PowerPC may be "alive", but then so is vinyl. But being "very much alive" doesn't necessarily make any technology the right or obvious choice. See where you said that PowerPC's can be found in my car ? Last time I checked, car's were not being cited as a showcase for cutting edge, high performance gaming platforms and technology.
It makes me laugh, the cell processor has NEVER been fully utilised, we have developers who want to make a game using new methodologies and techniques and, apparently, the cell can't cope with this. Sony RAVE about the cell, how it's TEN (yes ten) years ahead of it's competitors, then 5/6 years down the line, whip it out in favour of an integrated AMD chipset, allegedly!!

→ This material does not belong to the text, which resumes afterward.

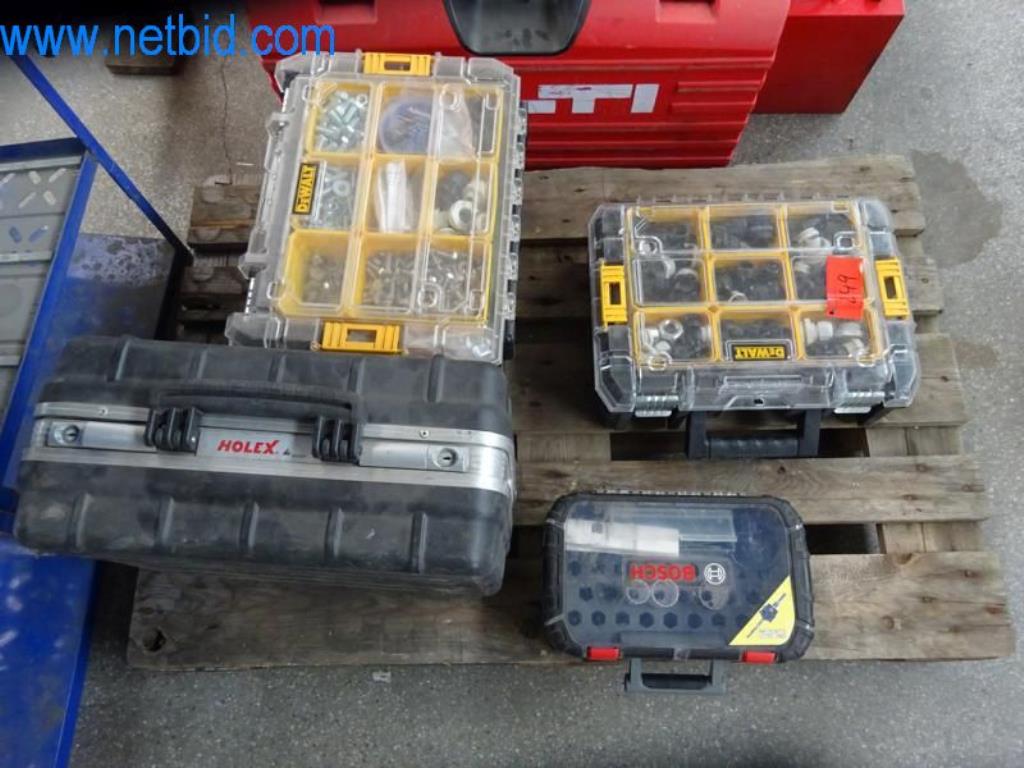 Maschinen, Fuhrpark und Betriebsausstattung-2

Let me guess, AMD is going to become 2nd source for PowerPC/Cell chips? (yes I know about Motorola and AMCC-sourced PPCs, but they don't produce high-performance PPCs anymore). But probably Sony doesn't plan to retain backward compatibility with PS3 games...
Why would AMD be a second source? AMD doesn't have their own foundries, that is who would actually produce it. Why would Sony take the design there when they could work with IBM that helped invent it? Sure IBM might charge more, but given the history that IBM has in HPC, wouldn't you rather deal with them? The Power7 kills anything that Intel or AMD has to offer, so IBM must be doing something right. How much experience in PowerPC does AMD have?
Sony could have a Fusion processor replace the PowerPC portion of the Cell and that would make a lot of sense. Since the Cell does have a GPU, they could utilize the GPU on the Fusion processor and have the CPU act as the controller like the PowerPC currently does. That sounds more feasible and likely than to use Fusion to replace the Cell. There should be substantial power savings as well, the CPU, GPU and memory controller all on one die. Less chips, less power and should be lower cost as well.